**Work to be completed:**
From the listing below, copy only the lines running from the line that contains "Batom Hidratante De" to the line that contains "skinny sexy04 online show from 02.06.25", both included.

**Exercise material:**
▼

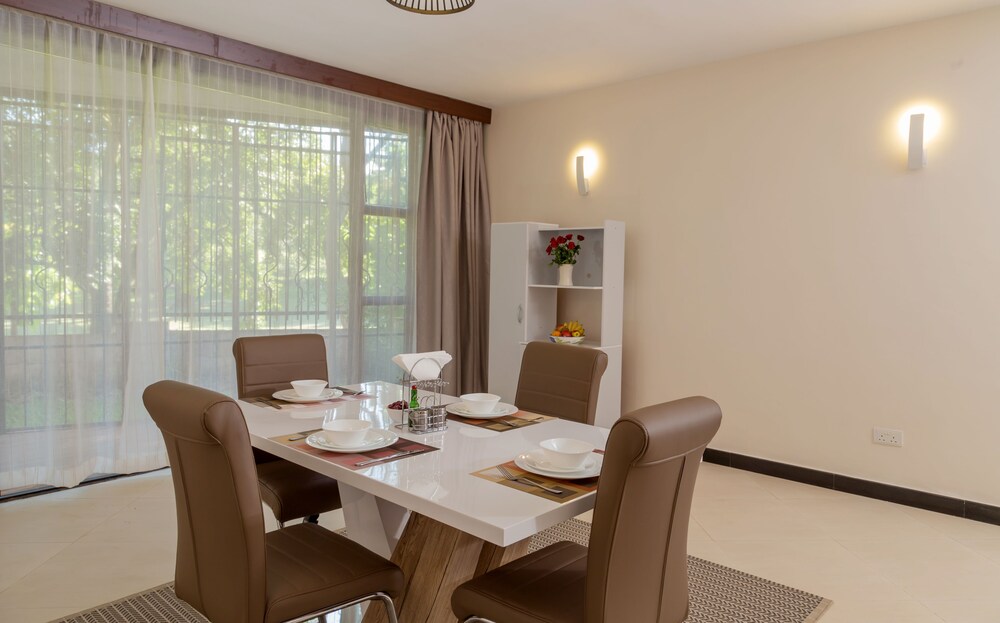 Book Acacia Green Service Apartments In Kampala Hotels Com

▲
▼

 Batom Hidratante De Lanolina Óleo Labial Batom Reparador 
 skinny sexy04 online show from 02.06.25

▲
▼

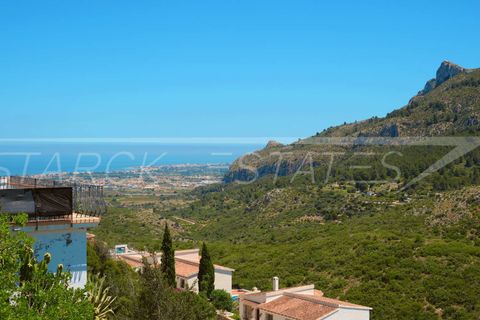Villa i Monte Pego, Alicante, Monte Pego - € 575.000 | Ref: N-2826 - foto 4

▲

**Response box:**
 Batom Hidratante De Lanolina Óleo Labial Batom Reparador 
 skinny sexy04 online show from 02.06.25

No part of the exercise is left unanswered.